Once the program is fully implemented by 2025-2026, every single Iowa student will have access to a taxpayer-funded Education Savings Account (ESA) of $7,600 per student. The funds can be used toward private-school tuition, tutoring and more.

“We are one step closer to providing choice in education for Iowa families regardless of income or zip code,” said Gov. Reynolds upon passing the law. Students will no longer be trapped in schools that don’t work for them or where children simply can’t thrive. 

Iowa is just one of the many states dramatically expanding educational freedom, giving parents true control over their children and what and how they learn.

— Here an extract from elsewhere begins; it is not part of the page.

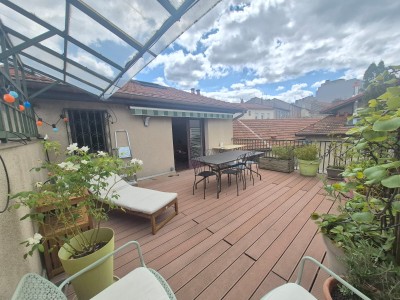 APPARTEMENT T4 A VENDRE - ST ETIENNE FAURIEL - 118.5 m2 - 220000€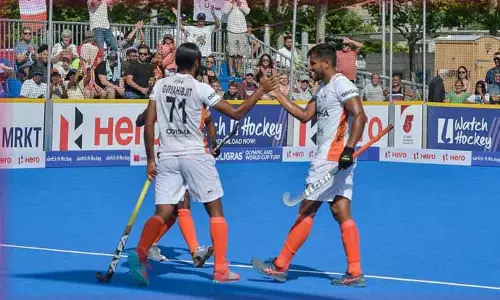 5 பேர் ஆக்கி போட்டி : இந்திய அணி சாம்பியன்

Universal school choice programs – where all students can participate – are sweeping the nation in states like Indiana, Utah and Florida.

Contrast that to what’s happening in Illinois, where the state’s lone school choice program – a limited tax-credit scholarship program that covers just 9,000 Illinois kids – is on track to die this legislative session, after just five years in existence. 

If Gov. JB Pritzker and the legislature don’t extend the Invest in Kids Act, which sunsets this year, Illinois will be the first school-choice state in the country to kill its program. Last week Wirepoints highlighted the risk of that happening.

Pritzker was already opposed to the Invest in Kids program when he became governor in 2018, stating at one point: “I’m opposed to that $75 million tax credit, that school voucher system…we should as soon as possible do away with it. What I oppose is taking money out of the public schools, and that’s what happened here.”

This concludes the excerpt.